Activity — Go through the records and give each one again exactly, omitting the images.

Records from a dataset
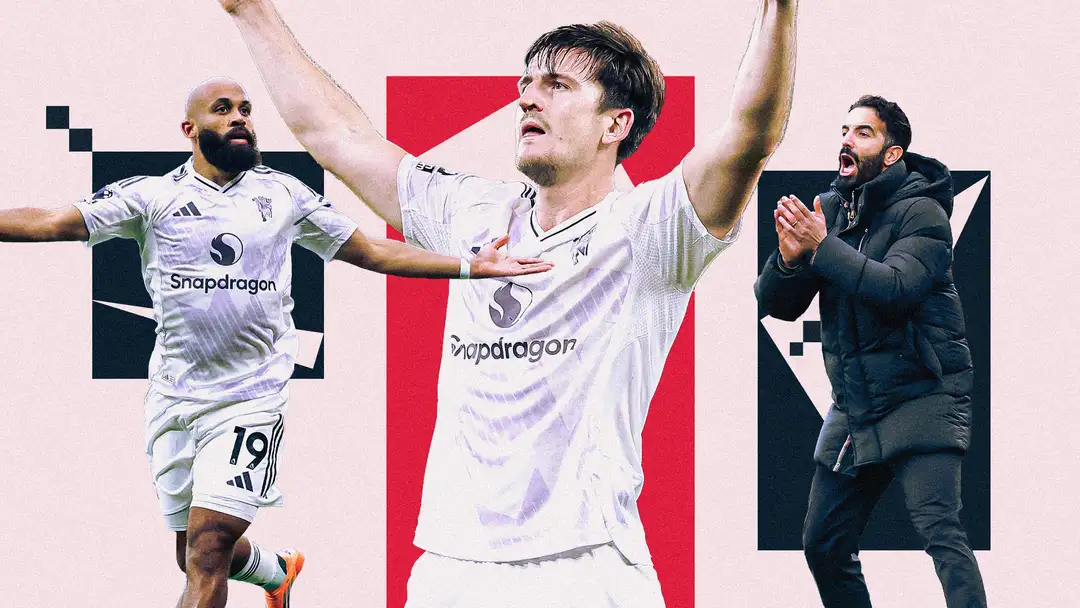 Man Utd player ratings vs Liverpool: Harry Maguire silences Anfield! Cult hero secures statement win for Ruben Amorim as Bryan Mbeumo, Casemiro and more shine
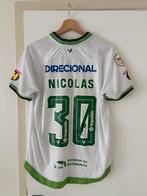 Matchworn shirt (signed), Ophalen of Verzenden, Shirt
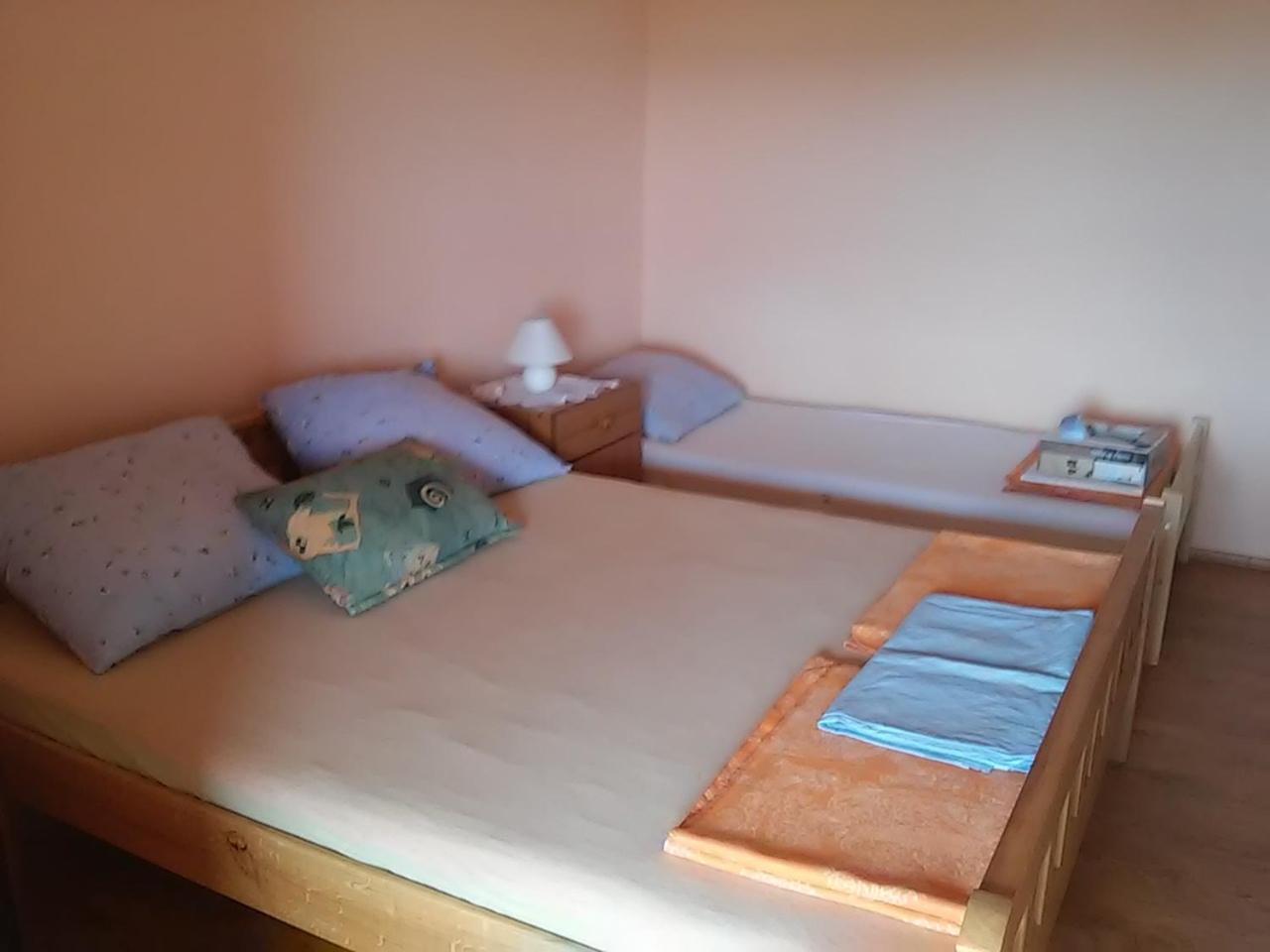 Apartments Vuk Posedarje Δωμάτιο φωτογραφία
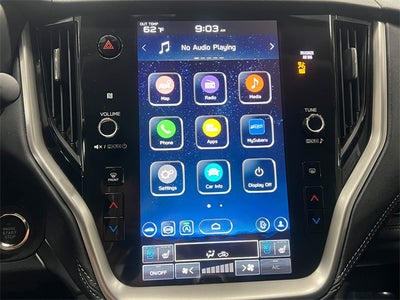 2024 Subaru Outback Touring XT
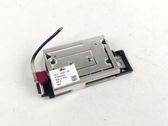 Aerial antenna amplifier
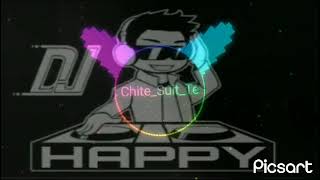 CHIT SUIT TE / DJ HAPPY/ GEETA ZAIDAR FT. DJ HAPPY PRODUCTION REMIX PUNJABI SONG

Response to this task —
 Man Utd player ratings vs Liverpool: Harry Maguire silences Anfield! Cult hero secures statement win for Ruben Amorim as Bryan Mbeumo, Casemiro and more shine
 Matchworn shirt (signed), Ophalen of Verzenden, Shirt
 Apartments Vuk Posedarje Δωμάτιο φωτογραφία
 2024 Subaru Outback Touring XT
 Aerial antenna amplifier
 CHIT SUIT TE / DJ HAPPY/ GEETA ZAIDAR FT. DJ HAPPY PRODUCTION REMIX PUNJABI SONG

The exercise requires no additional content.